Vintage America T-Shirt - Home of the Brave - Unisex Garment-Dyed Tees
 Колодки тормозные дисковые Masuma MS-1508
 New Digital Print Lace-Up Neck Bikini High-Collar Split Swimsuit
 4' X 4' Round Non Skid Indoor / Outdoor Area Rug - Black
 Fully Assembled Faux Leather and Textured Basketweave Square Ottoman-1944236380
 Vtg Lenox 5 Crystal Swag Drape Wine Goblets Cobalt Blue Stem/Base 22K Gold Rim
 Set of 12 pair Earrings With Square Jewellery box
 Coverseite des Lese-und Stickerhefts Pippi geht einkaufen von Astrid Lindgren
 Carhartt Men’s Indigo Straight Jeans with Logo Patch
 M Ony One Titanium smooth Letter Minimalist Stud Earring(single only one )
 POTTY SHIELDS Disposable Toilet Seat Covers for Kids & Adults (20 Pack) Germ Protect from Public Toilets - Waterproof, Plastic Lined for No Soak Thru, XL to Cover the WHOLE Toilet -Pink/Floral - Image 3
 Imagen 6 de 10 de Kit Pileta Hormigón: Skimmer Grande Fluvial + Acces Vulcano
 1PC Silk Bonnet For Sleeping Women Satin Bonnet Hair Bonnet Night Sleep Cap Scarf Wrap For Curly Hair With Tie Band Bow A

——————————

Everything from the first line of the entries above through the line with "Carhartt Men’s Indigo" is to be reproduced exactly, and nothing else.

Vintage America T-Shirt - Home of the Brave - Unisex Garment-Dyed Tees
 Колодки тормозные дисковые Masuma MS-1508
 New Digital Print Lace-Up Neck Bikini High-Collar Split Swimsuit
 4' X 4' Round Non Skid Indoor / Outdoor Area Rug - Black
 Fully Assembled Faux Leather and Textured Basketweave Square Ottoman-1944236380
 Vtg Lenox 5 Crystal Swag Drape Wine Goblets Cobalt Blue Stem/Base 22K Gold Rim
 Set of 12 pair Earrings With Square Jewellery box
 Coverseite des Lese-und Stickerhefts Pippi geht einkaufen von Astrid Lindgren
 Carhartt Men’s Indigo Straight Jeans with Logo Patch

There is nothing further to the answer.